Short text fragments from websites
_____
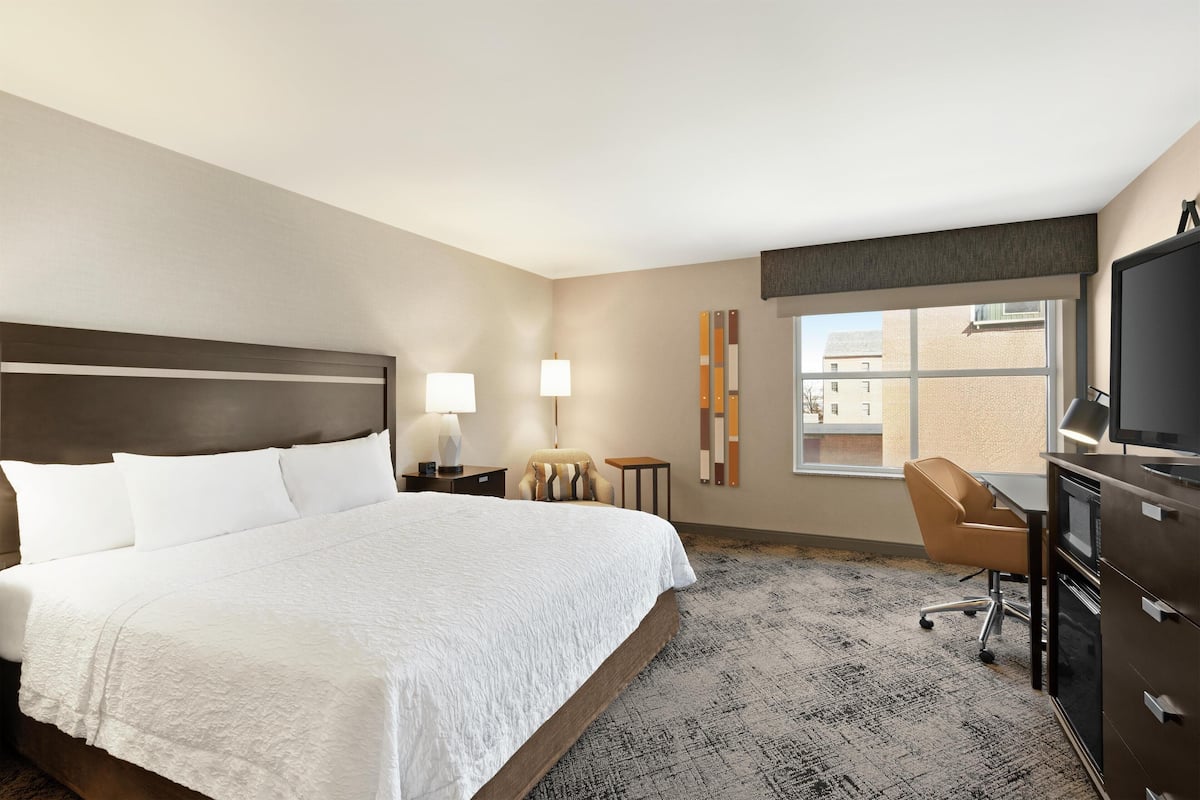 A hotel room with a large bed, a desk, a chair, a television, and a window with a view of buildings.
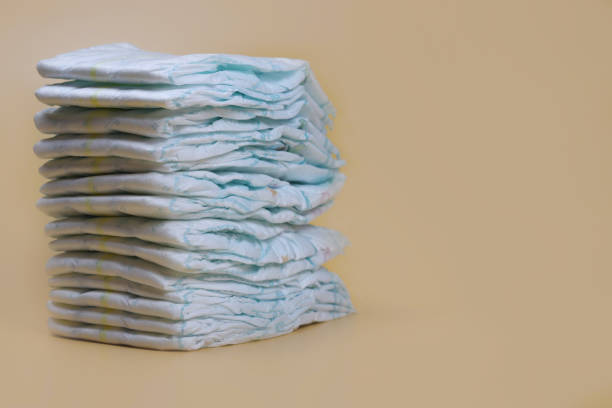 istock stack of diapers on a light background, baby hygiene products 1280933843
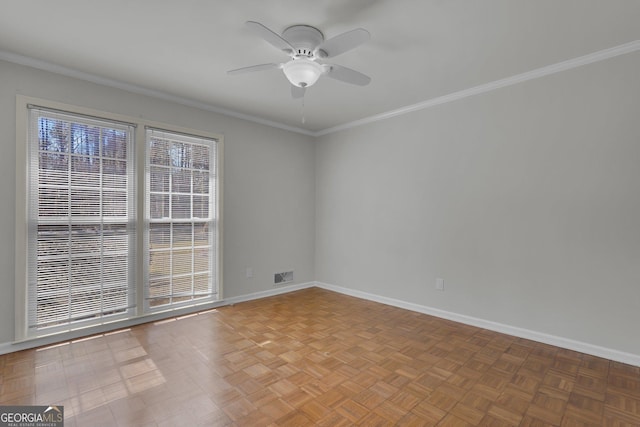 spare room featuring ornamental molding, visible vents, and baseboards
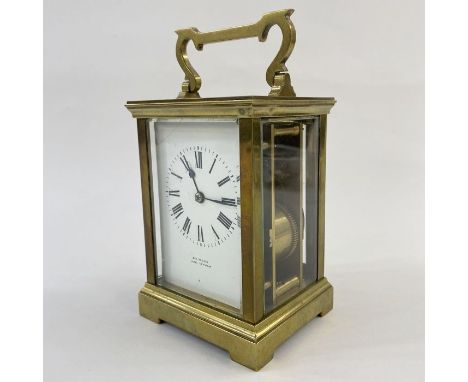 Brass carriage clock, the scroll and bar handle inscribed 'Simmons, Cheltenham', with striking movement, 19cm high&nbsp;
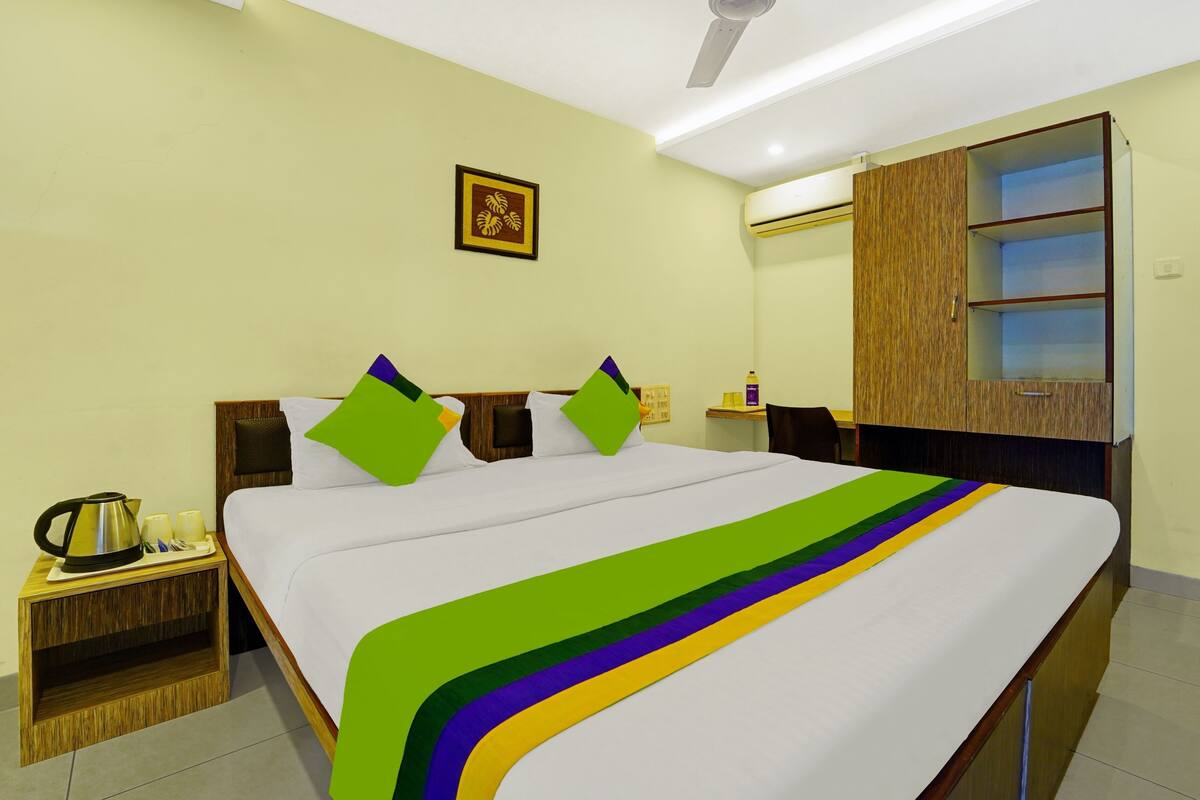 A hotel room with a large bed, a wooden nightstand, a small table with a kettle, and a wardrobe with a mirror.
_____
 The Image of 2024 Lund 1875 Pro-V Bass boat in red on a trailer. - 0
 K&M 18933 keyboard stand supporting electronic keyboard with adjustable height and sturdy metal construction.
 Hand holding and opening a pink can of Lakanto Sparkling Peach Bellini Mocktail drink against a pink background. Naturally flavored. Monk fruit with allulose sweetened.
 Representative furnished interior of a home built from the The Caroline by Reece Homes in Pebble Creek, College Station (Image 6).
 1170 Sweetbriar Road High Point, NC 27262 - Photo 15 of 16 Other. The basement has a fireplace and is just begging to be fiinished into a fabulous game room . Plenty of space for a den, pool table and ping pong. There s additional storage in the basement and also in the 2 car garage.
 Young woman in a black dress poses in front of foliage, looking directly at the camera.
_____
* **Task description**:
Each line above from the one containing "istock stack of" through the one containing "A hotel room with a large bed, a wooden" is to be returned verbatim. Nothing else, and no pictures.

* **Answer section**:
 istock stack of diapers on a light background, baby hygiene products 1280933843
 spare room featuring ornamental molding, visible vents, and baseboards
 Brass carriage clock, the scroll and bar handle inscribed 'Simmons, Cheltenham', with striking movement, 19cm high&nbsp;
 A hotel room with a large bed, a wooden nightstand, a small table with a kettle, and a wardrobe with a mirror.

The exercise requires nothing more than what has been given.